The bill drew early praise from legislators, utilities and pro-solar groups, but then took some heat from solar companies who said it gave a distinct advantage to major utilities such as Duke Energy. The objections have come largely from out of state “rooftop” solar companies that lease solar panels to homeowners. Those concerns merit a close watching.
If a bill that is designed to create competition is to be effective it cannot create advantages for any segment of the market. That includes the regulated utilities.
The objection advocates raised is that the bill in essence would have allowed Duke to create a monopoly on rooftop solar before other companies are allowed to enter the market. Advocates say the bill would have given utilities a chance to opt in to the solar program; if they did they would have been required to power 1 percent of their capacity via solar energy and only then would solar leasing companies have been allowed to enter the market, Bryan Miller, president of the Alliance for Solar Choice, said in an interview.
Advocates of the bill said on Wednesday that an amendment to the bill addresses those concerns and would ensure that utility investments in solar are in line with the competitive free market, according to a report by Greenville News reporter Nathaniel Cary. The proposal passed the Senate Judiciary Committee by a 19-1 vote.
A free-market where leasing companies are on equal footing with existing companies would potentially offer consumers a greater benefit, especially at a time when utility rates are increasing for a variety of reasons.
Under the bill, companies would have to seek approval from the state’s Office of Regulatory Services before they could begin leasing solar panels in South Carolina, according to the report. Although that is not necessarily the case in other states, it’s not an unreasonable compromise. In addition, utilities such as Duke would compete on even footing with the leasing companies because they would have to create a nonregulated business arm that would have to compete for business, Bruce Wood, a Greenville-based solar advocate and owner of SunStore Solar, said in the newspaper report.
Rooftop solar leasing companies let private citizens access solar energy that otherwise could be cost-prohibitive. Under the business model, companies put solar panels on a consumer’s roof, and then lease the panels to them while charging them for the electricity they generate, usually for a price that’s less than traditional utilities charge, Miller said.

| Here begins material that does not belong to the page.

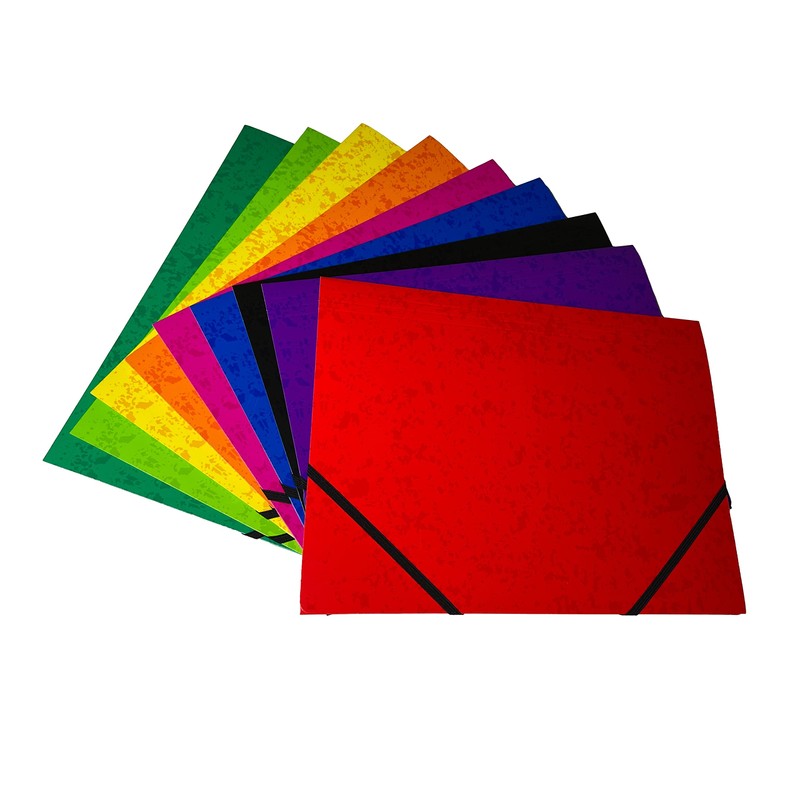 Pack of 12 A4 Blue Card 3 Flap Folders with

Solar power will not on its own meet the power needs of this state. However, the expansion of solar — and other forms of renewable energy — should be encouraged. The more electricity that individuals can generate on their own, especially during peak energy use periods such as the hottest of South Carolina’s dog days, the less investment utilities would have to make in expensive energy plants needed to boost production during periods of peak use.
Also, the more options consumers have, the lower prices generally are as businesses vie for customers. The most difficult problem with the way electricity is provided now is that utilities enjoy a monopoly. The consumers’ interests are supposed to be protected by regulatory agencies such as the Public Service Commission.
South Carolina ratepayers know all too well about the trend in electricity rates. Duke Energy has raised its residential electricity rates by nearly 30 percent over the last five years. Much of that cost has been the result of meeting increased federal environmental regulation; some of it has come as the utility has added capacity. Additional capacity from direct competition for residential users could mitigate both of those pressures on rates.
As lawmakers move this bill forward they need to ensure the interests of existing utilities are not protected at the expense of free enterprise, especially given the advantages that the free market can create for consumers.
These are issues that need to be openly discussed, and proposals in South Carolina should be compared to what is working and what is not working in other states. Certainly lawmakers should err on the side of encouraging solar leasing companies to compete in a free market in South Carolina and should not give economic advantage to existing electricity providers.